Lebesque part d’un constat simple : chaque année, « cent à cent mille Français » assisteraient avec la même ferveur à la cérémonie du Goncourt qu’à un pèlerinage littéraire. On y honore Claudel, on y acclame Mauriac, on y cite Giraudoux comme d’autres font tourner une prière. Et puis, sitôt la messe dite, on enterre une grande partie des élus du jour dans l’indifférence polie des siècles suivants.
Son évocation des lauréats ou des candidats tombés dans l’oubli est savoureuse :
– Xavier de Langlais, couronné pour La Fontaine de Barenton,
– André Billy, dont les romans nourrissaient encore les conversations d’avant-guerre,
– Joseph Peyré, prix Goncourt 1935, célébré puis disparu des étagères,
– Jean Fayard, auteur de La Faille, dont personne ne saurait citer une ligne en 1953,
– Jean-Pierre Maxence,
– ou encore Louis Chadourne, dont les tentatives romanesques survivent à peine dans quelques bibliothèques poussiéreuses.

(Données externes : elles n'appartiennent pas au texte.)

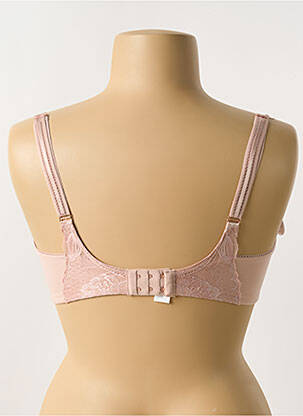Sutien efect material satinat sutien cupe întregi cu decolteu înalt roz FLORALE BY TRIUMPH femeie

Lebesque rappelle que la liste des « Goncourt oubliés » s’allonge inexorablement. Il suffit de lire les registres : des dizaines de lauréats célébrés le jour même, parfois en Une des journaux, puis relégués à la nuit littéraire quelques saisons plus tard. Le point n’est pas nouveau : la célébrité d’un prix ne garantit pas la gloire, encore moins la postérité.

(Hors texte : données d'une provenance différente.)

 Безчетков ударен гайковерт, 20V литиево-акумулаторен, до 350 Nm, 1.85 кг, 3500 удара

Mais le chroniqueur ne se contente pas de se moquer. Il oppose, en creux, ces « convives infortunés » aux grands absents, ceux dont l’œuvre n’a pas eu besoin de lauriers pour exister — et que le Goncourt, dans sa logique mondaine, a souvent négligés ou ignorés.
Ainsi, en 1953, aucun juré n’aurait l’idée de primer :
– Julien Gracq, qui avait reçu le Goncourt en 1951 pour Le Rivage des Syrtes… et l’avait refusé avec fracas, geste symbolique qui ridiculisa durablement la machine des prix ;
– Albert Camus, dont L’Homme révolté secoue depuis deux ans le paysage intellectuel ;
– Jean Genet, que les jurés n’oseraient même pas lire publiquement ;
– Louis-Ferdinand Céline, dont la noirceur et la disgrâce politique rendent une récompense impossible ;
– Marguerite Duras, encore en marge, qui n’a rien du profil « académique » ;
– Samuel Beckett, alors en pleine ascension, et pourtant invisible aux yeux du cénacle ;
– Henri Michaux, innommable dans les catégories du moment ;
– ou encore Blaise Cendrars, déjà mythe, jamais prix.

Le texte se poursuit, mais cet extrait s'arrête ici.